Most of what we collectively think we know about the Japanese economy is urban legend. In fact: - The keiretsu do not exist, and never did. An entrepreneurial research institute in the 1950s created the rosters to sell to Marxist economists looking for the monopoly capital that their theory told them would dominate their bourgeois capitalist world. Western scholars hoping for examples of culture-specific forms of economic organization then brought them back to the U.S. - The zaibatsu did not succeed pre-war because they bought politicians, exploited the poor, or manipulated disfunctional capital markets. They succeeded for all the usual varied reasons a few firms succeed in any modern economy. They acquired the (pejorative) zaibatsu label because they happened to be thriving when muckraking journalists in the 1920s and 30s came looking for someone to blame for the depression. - Japanese firms have no main bank system, and never did.
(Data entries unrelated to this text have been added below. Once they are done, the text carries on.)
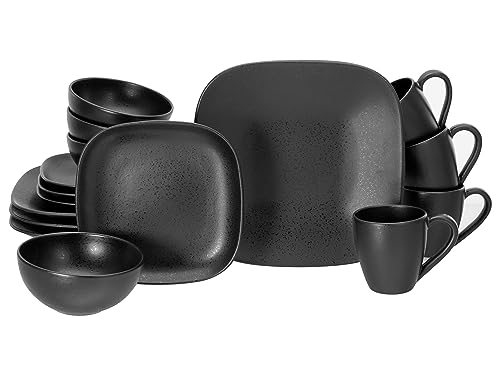 CreaTable, 16818, série Magic Black Square, set de vaisselle, service combiné 16 pièces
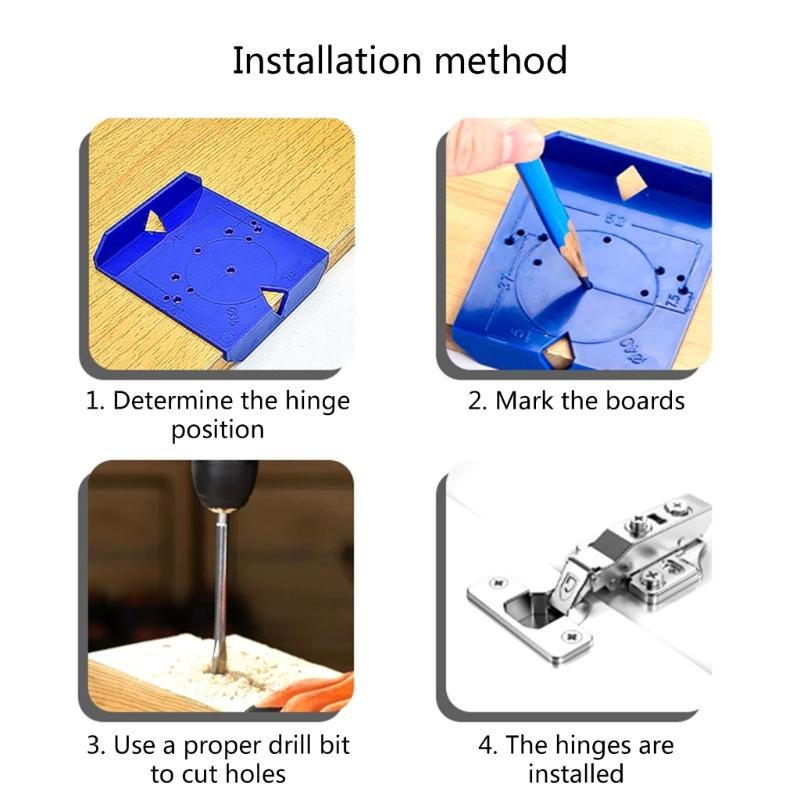35/40mm Hinge Hole Jig Drill Guide Template Jig For Woodworking Cabinets Hinges Hole Locator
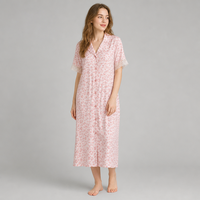 Chemise de nuit d'été respirante pour femme, imprimé léopard rose, avec dentelle, manches courtes, boutonnée, vêtement de détente élastique, vente en gros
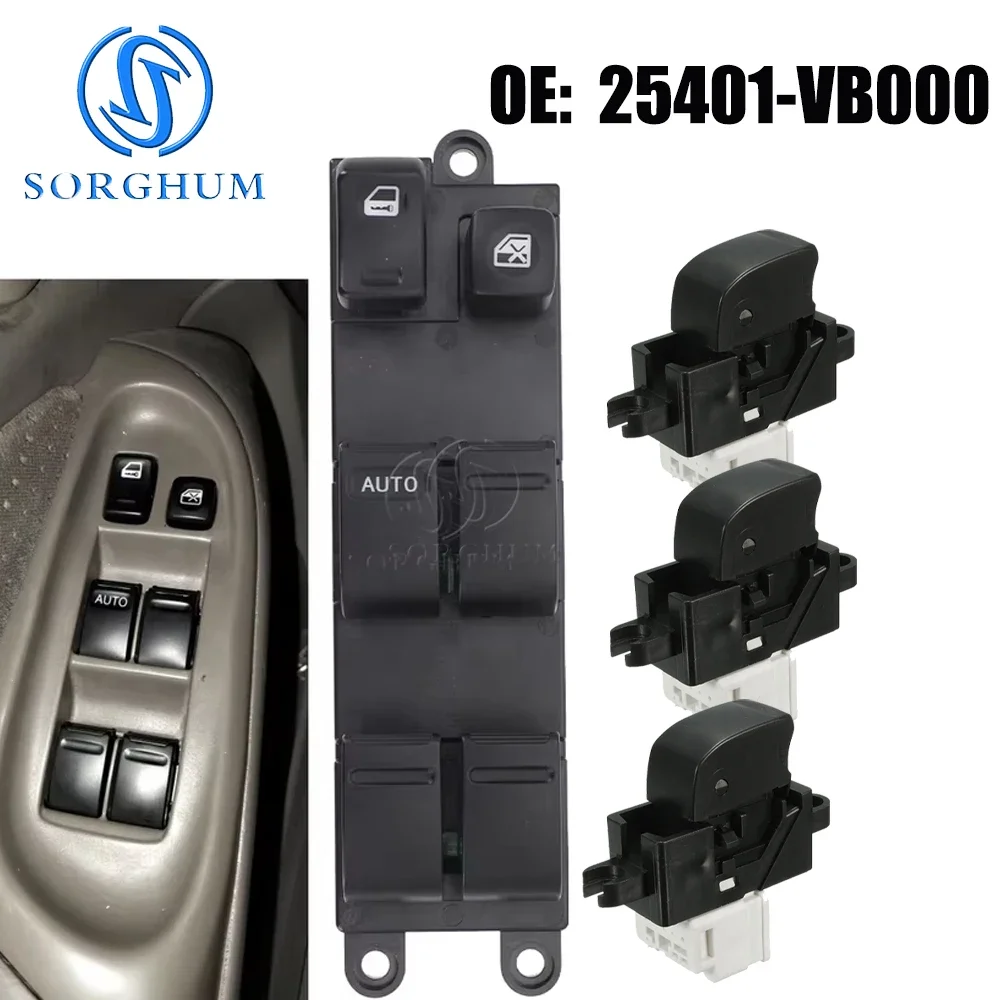 SORGHUM-botón de interruptor de ventanilla eléctrica para conductor delantero izquierdo, 25401-VB000, para Nissan Almera Tino TERRANO II R20 93-07 Sentra 2000-2006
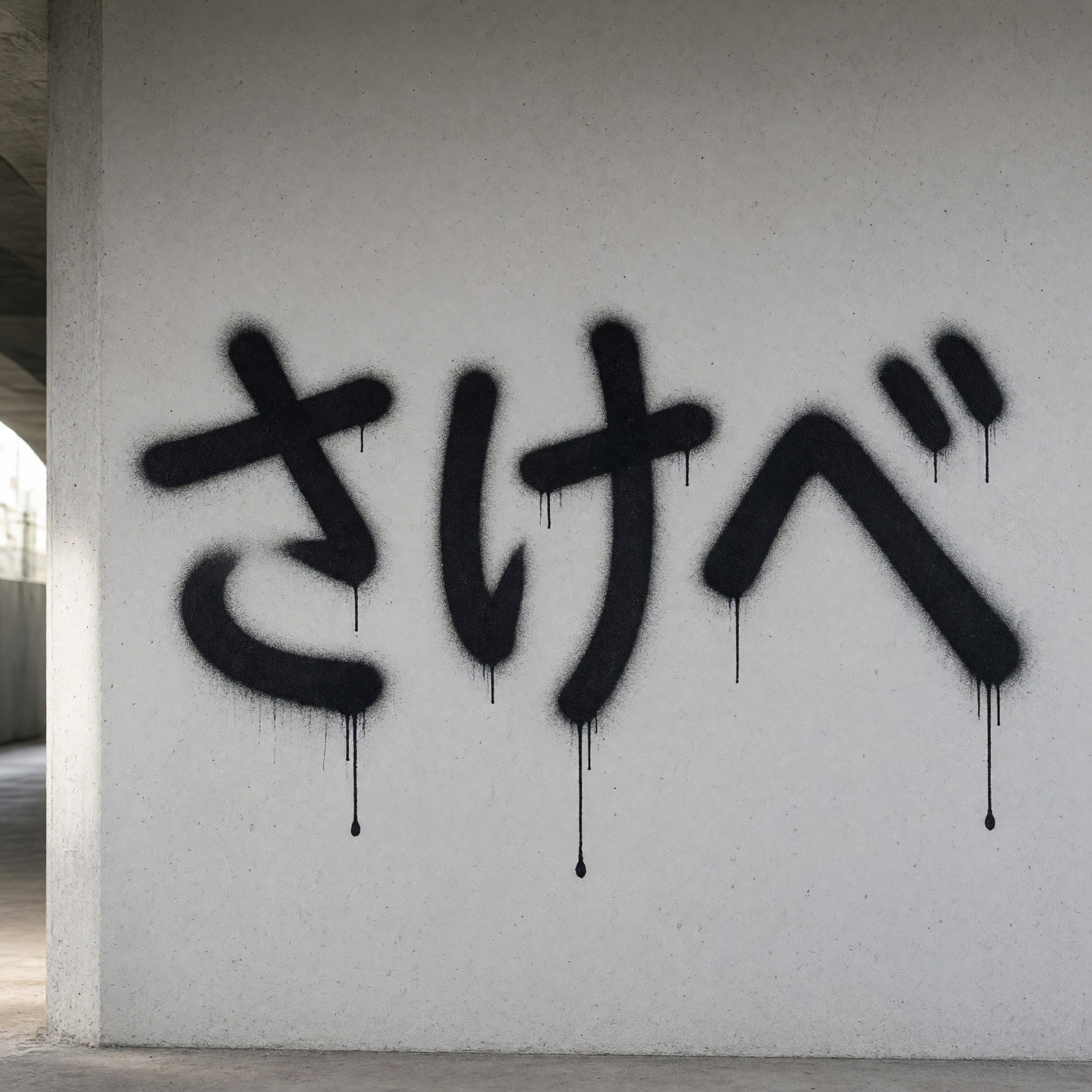 Grok Imagine で生成した スプレー文字 AIフォント：文字「さけべ」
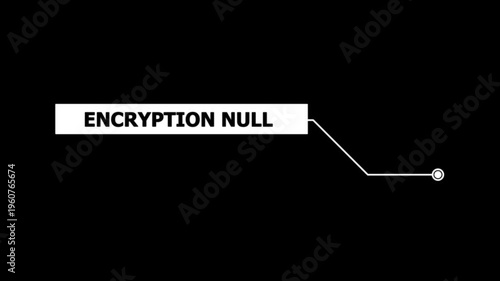 Animation of HUD elements with text Encryption Null. Animate a white callous for text. HUD elements on black background. Futuristic callout titles. Virtual sci fi textbox for HUD.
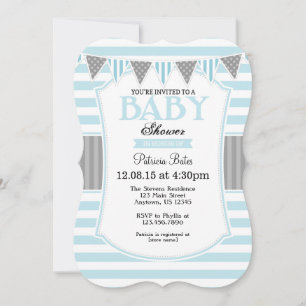 Powder Blue Grey Stripes Baby shower Invitation Kaart
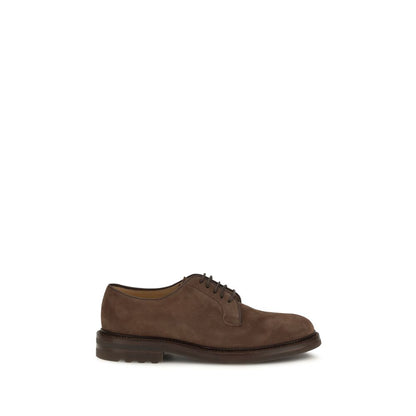 Brunello Cucinelli Brown Calf Suede Leather Derby Shoes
Economists popularized the idea as an anecdote on which to peg their mathematical models, and non-economists use it (like the keiretsu) as yet another putatively culture-bound economic phenomenon. - Japanese firms are neither short of outside directors nor badly governed. The charges simply represent yet another variant on populist journalism. Like firms in other competitive capitalist countries, Japanese firms survive only if they adopt governance mechanisms appropriate to the markets within which they must compete. - The Japanese government never seriously guided or intervened in the Japanese economy. When the economy boomed, politicians and bureaucrats did take credit. They had created the success through their own far-sighted leadership, they claimed. Marxist scholars dominated Japanese social science departments, and they were not about to suggest instead that market competition might account for the success. Happy as they were to find an example of successful government intervention, neither were most Western scholars of Japan.